What is needed is an exact copy of every line from the one containing "United Autosports USA, Oreca 07 Gibson." through the end of the entries; please set it down without any pictures.

EXCERPTED RECORDS ->
★ ★ ★ ★ ★

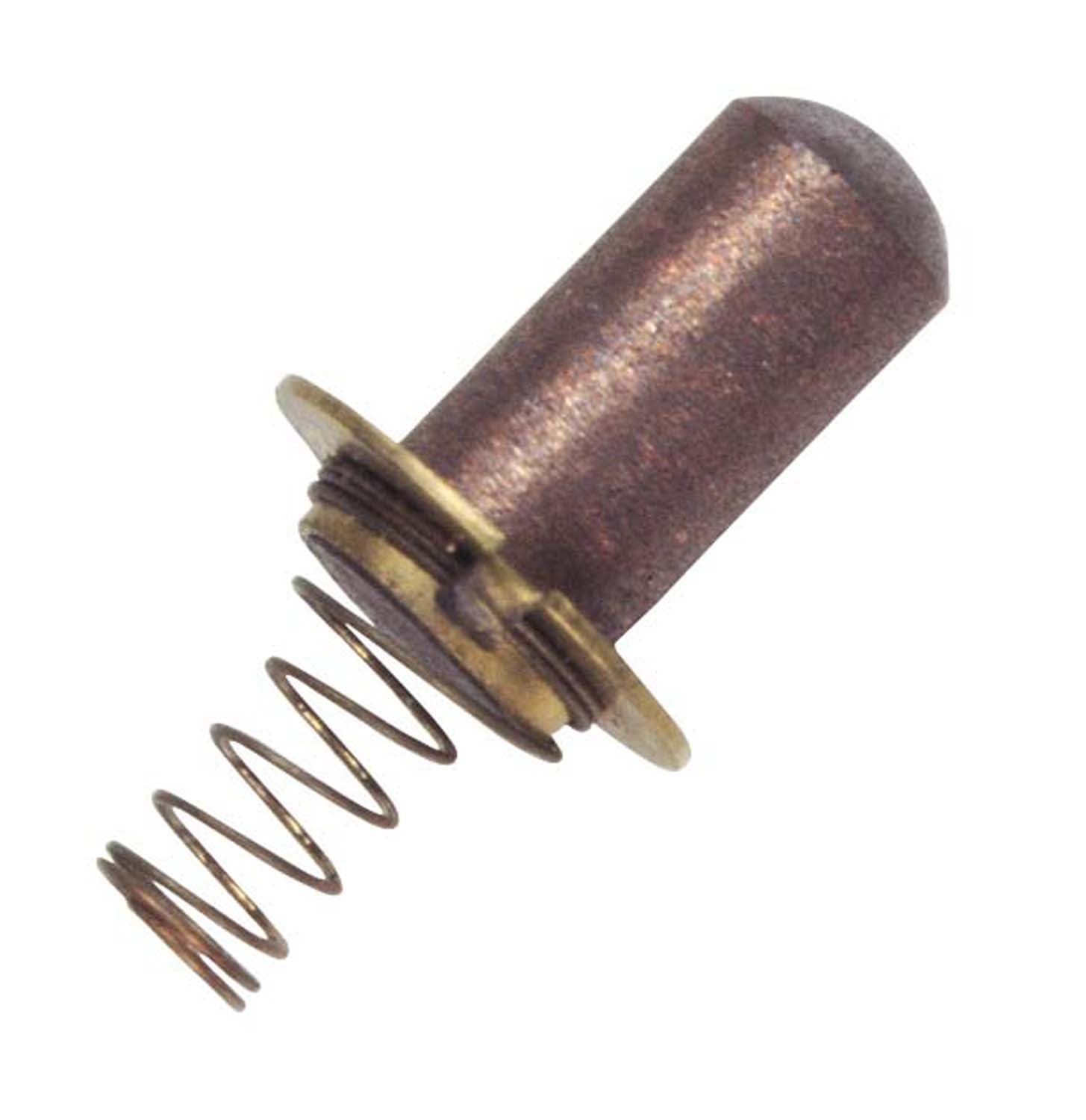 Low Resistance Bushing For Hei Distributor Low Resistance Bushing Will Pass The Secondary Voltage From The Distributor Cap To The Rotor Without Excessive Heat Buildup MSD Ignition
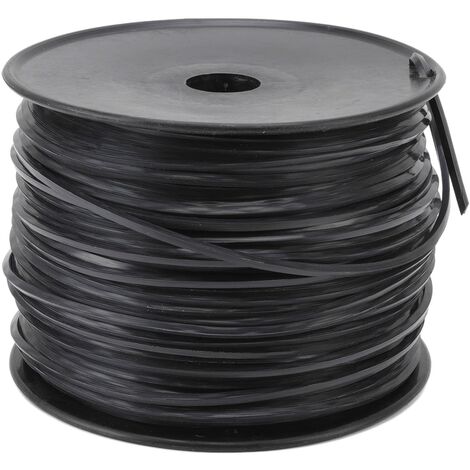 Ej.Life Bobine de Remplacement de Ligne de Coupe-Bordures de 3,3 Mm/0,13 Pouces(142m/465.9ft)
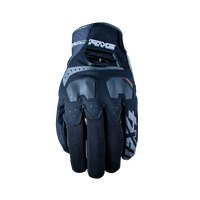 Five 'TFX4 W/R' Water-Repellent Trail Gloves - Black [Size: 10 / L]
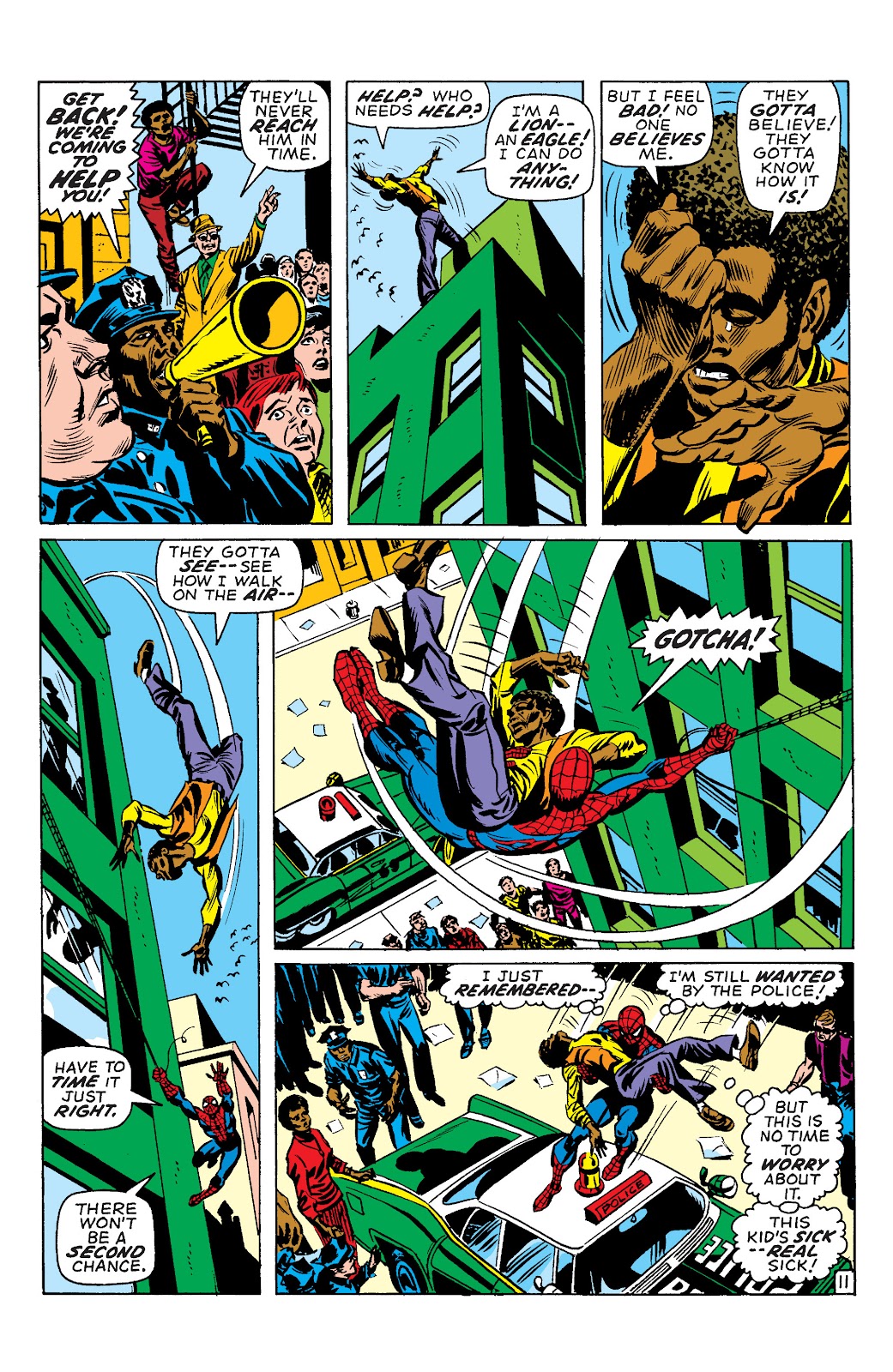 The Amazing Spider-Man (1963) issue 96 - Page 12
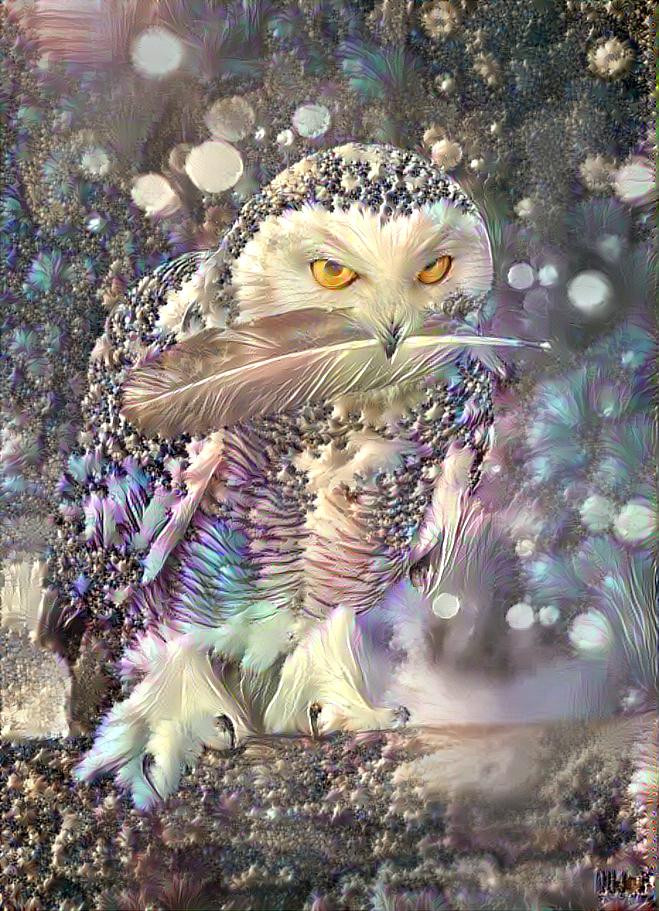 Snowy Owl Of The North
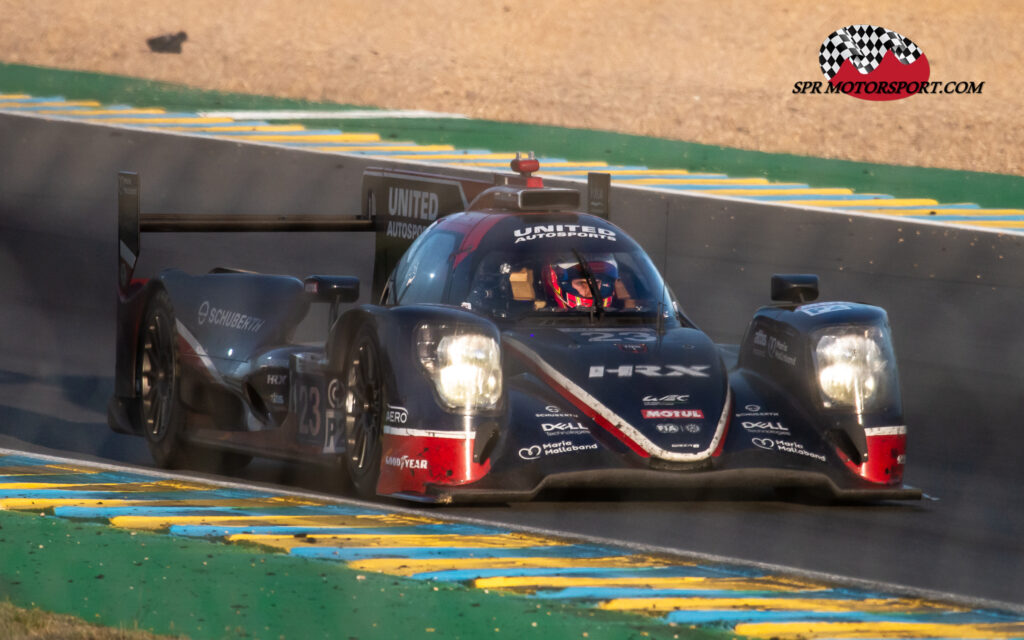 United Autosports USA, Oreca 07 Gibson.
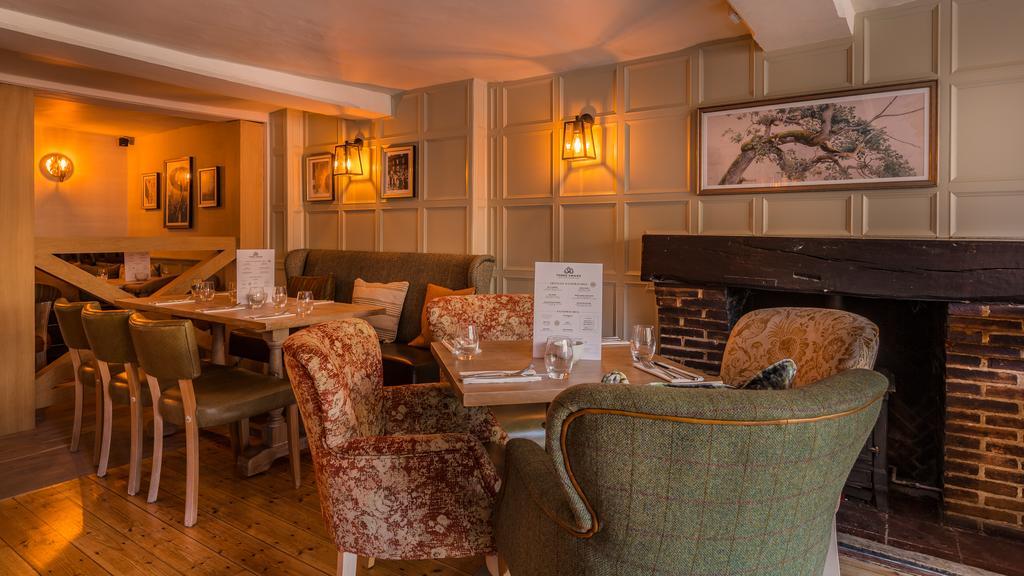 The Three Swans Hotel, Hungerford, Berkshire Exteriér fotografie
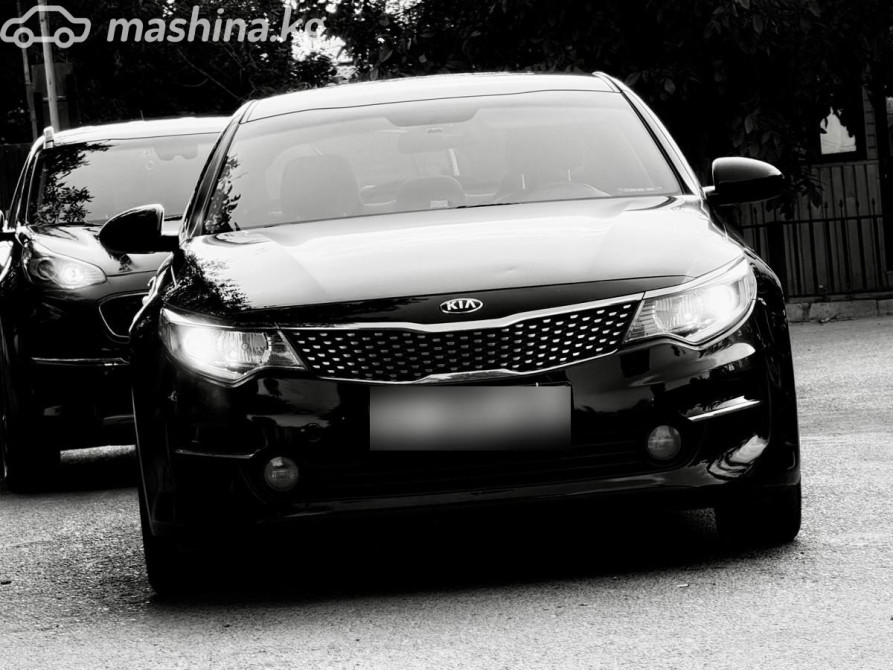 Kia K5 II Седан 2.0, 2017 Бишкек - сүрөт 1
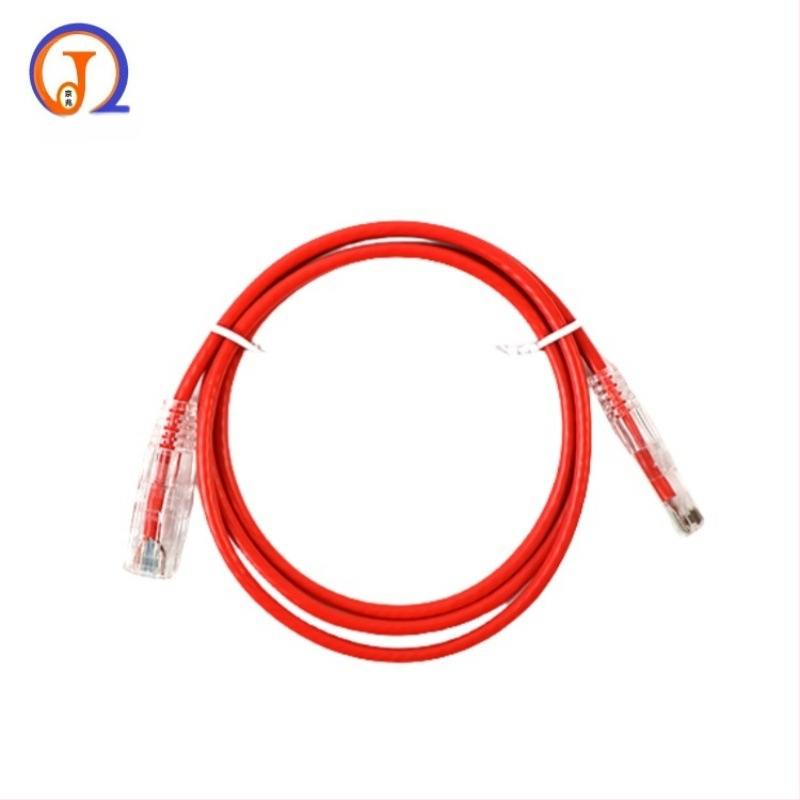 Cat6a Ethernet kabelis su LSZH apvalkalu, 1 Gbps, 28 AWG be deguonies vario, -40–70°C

★ ★ ★ ★ ★

EXPECTED ANSWER ->
 United Autosports USA, Oreca 07 Gibson.
 The Three Swans Hotel, Hungerford, Berkshire Exteriér fotografie
 Kia K5 II Седан 2.0, 2017 Бишкек - сүрөт 1
 Cat6a Ethernet kabelis su LSZH apvalkalu, 1 Gbps, 28 AWG be deguonies vario, -40–70°C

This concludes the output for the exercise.